Using the Feature Selection node creatively to remove or decapitate perfect predictors>
In this recipe, we will identify perfect or near perfect predictors in order to insure that they do not contaminate our model. Perfect predictors earn their name by being correct 100 percent of the time, usually indicating circular logic and not a prediction of value. It is a common and serious problem.
When this occurs we have accidentally allowed information into the model that could not possibly be known at the time of the prediction. Everyone 30 days late on their mortgage receives a late letter, but receiving a late letter is not a good predictor of lateness because their lateness caused the letter, not the other way around.
The rather colorful term decapitate is borrowed from the data miner Dorian Pyle. It is a reference to the fact that perfect predictors will be found at the top of any list of key drivers ("caput" means head in Latin). Therefore, to decapitate is to remove the variable at the top. Their status at the top of the list will be capitalized upon in this recipe.
The following table shows the three time periods; the past, the present, and the future. It is important to remember that, when we are making predictions, we can use information from the past to predict the present or the future but we cannot use information from the future to predict the future. This seems obvious, but it is common to see analysts use information that was gathered after the date for which predictions are made. As an example, if a company sends out a notice after a customer has churned, you cannot say that the notice is predictive of churning.
Getting ready
We will start with a blank stream, and will be using the cup98lrn reduced vars2.txt
data set.
How to do it...
To identify perfect or near-perfect predictors in order to insure that they do not contaminate our model:
- Build a stream with a Source node, a Type node, and a Table then force instantiation by running the Table node.
- Force TARGET_B to be flag and make it the target.
- Add a Feature Selection Modeling node and run it.
- Edit the resulting generated model and examine the results. In particular, focus on the top of the list.
- Review what you know about the top variables, and check to see if any could be related to the target by definition or could possibly be based on information that actually postdates the information in the target.
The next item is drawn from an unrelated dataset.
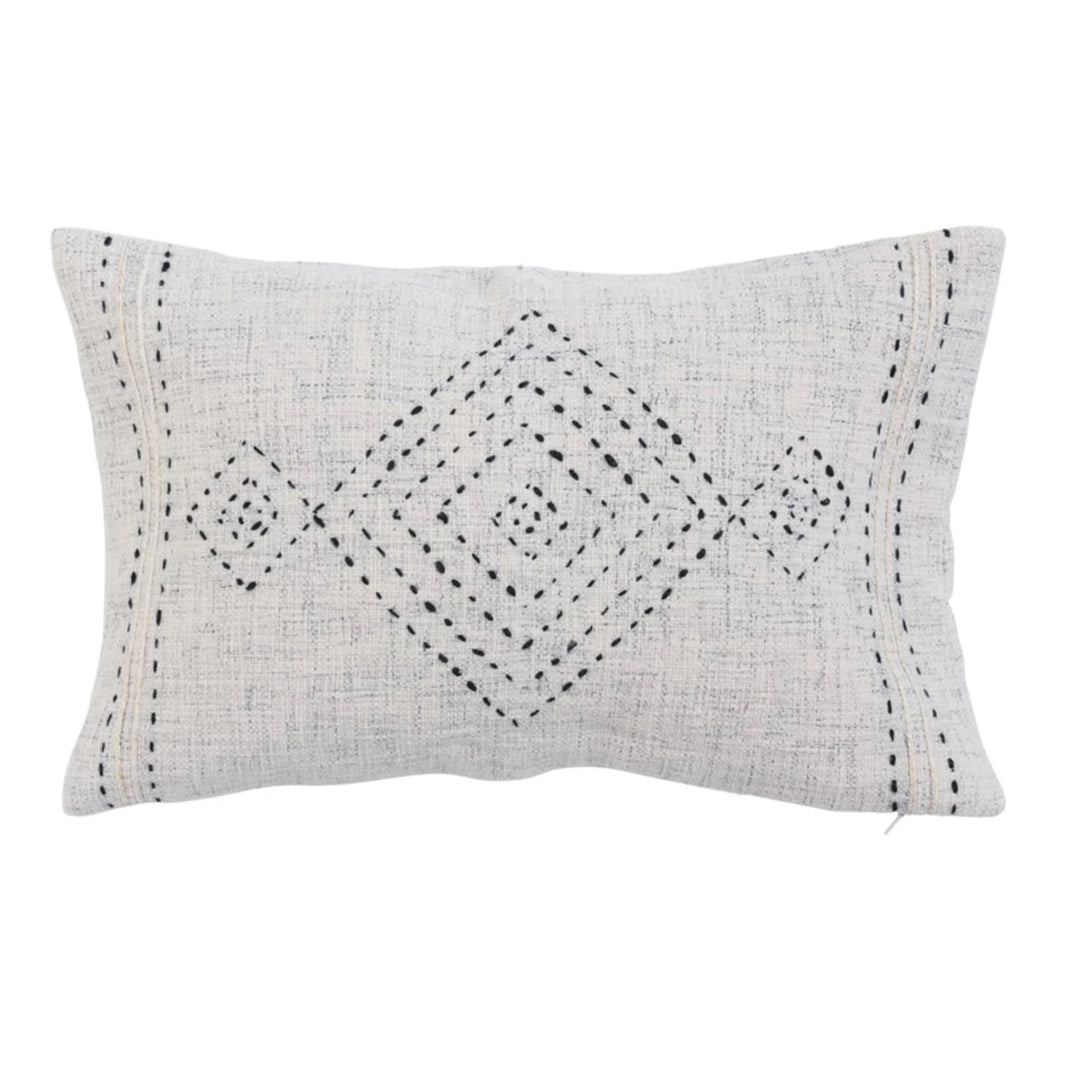 Decorative pillow with geometric pattern on a white background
- Add a CHAID Modeling node, set it to run in Interactive mode, and run it.
- Examine the first branch, looking for any child node that might be perfectly predicted; that is, look for child nodes whose members are all found in one category.
- Continue steps 6 and 7 for the first several variables.
- Variables that are problematic (steps 5 and/or 7) need to be set to None in the Type node.
How it works...
Which variables need decapitation? The problem is information that, although it was known at the time that you extracted it, was not known at the time of decision. In this case, the time of decision is the decision that the potential donor made to donate or not to donate. Was the amount, Target_D known before the decision was made to donate? Clearly not. No information that dates after the information in the target variable can ever be used in a predictive model.
This recipe is built of the following foundation—variables with this problem will float up to the top of the Feature Selection results.
They may not always be perfect predictors, but perfect predictors always must go. For example, you might find that, if a customer initially rejects or postpones a purchase, there should be a follow up sales call in 90 days. They are recorded as rejected offer in the campaign, and as a result most of them had a follow up call in 90 days after the campaign. Since a couple of the follow up calls might not have happened, it won't be a perfect predictor, but it still must go.
Note that variables such as RFA_2
and RFA_2A
are both very recent information and highly predictive. Are they a problem? You can't be absolutely certain without knowing the data. Here the information recorded in these variables is calculated just prior to the campaign. If the calculation was made just after, they would have to go. The CHAID tree almost certainly would have shown evidence of perfect prediction in this case.
There's more...
Sometimes a model has to have a lot of lead time; predicting today's weather is a different challenge than next year's prediction in the farmer's almanac. When more lead time is desired you could consider dropping all of the _2
series variables. What would the advantage be? What if you were buying advertising space and there was a 45 day delay for the advertisement to appear? If the _2
variables occur between your advertising deadline and your campaign you might have to use information attained in the _3
campaign.